During the forum, attended by key dignitaries and agricultural policy makers it was also established that Africa needs to not only improve food security but also ensure sustainable value chain development.
Rhoda Tumusiime, Commissioner for Agriculture at the Africa Union said, “Africa must feed itself and in fact this initiative of scaling up innovation is very critical. One world no hunger Africa should have no hunger because we have the capability, the land the people but as you have also heard only 50 per cent of agriculture productivity is contributed to by innovation.”
With 60 per cent of uncultivated arable land untapped in Africa, agriculture is earmarked as an economic engine for the continent. However, several hurdles are still hindering the continent from achieving its ambitions.
“Despite this huge resources and potential, this continent together with other developing countries are host to 852 million hungry residents who require constant support,” Koskei noted.

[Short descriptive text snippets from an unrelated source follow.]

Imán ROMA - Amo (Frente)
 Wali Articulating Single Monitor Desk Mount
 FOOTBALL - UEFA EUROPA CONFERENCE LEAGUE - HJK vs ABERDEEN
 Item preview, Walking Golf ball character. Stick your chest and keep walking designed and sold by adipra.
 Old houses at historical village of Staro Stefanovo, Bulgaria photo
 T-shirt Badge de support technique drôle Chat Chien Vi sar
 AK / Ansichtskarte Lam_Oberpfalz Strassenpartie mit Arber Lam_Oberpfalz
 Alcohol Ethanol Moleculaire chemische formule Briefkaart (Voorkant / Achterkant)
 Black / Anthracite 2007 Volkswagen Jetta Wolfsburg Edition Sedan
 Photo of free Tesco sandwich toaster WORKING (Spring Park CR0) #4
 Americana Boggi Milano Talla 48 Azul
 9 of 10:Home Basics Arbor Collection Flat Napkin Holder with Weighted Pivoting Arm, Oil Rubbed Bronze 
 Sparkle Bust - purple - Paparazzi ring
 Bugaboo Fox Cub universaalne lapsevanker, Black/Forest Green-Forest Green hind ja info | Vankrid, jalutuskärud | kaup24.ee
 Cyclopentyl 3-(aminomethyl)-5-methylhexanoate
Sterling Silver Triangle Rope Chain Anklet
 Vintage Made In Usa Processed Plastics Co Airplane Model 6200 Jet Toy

Yemi Akinbamijo, executive director, FARA said, “Money is not everything by the way because we have spent more than 150 billion US dollars in the last three decades and we are still where we are and by the way we are spending 50 billion US dollars to borrow foods.”
In 2003 African leaders came together in Maputo, Mozambique and unanimously endorsed a Declaration on Agriculture and Food Security in Africa popularly known as the ‘Maputo Declaration’.
In the Maputo Declaration, they agreed to allocate and implement at least 10 per cent of their national budgets to improve food security, reduce poverty, and spur rural development by 2008. Nonetheless, less than a quarter have surpassed this goal.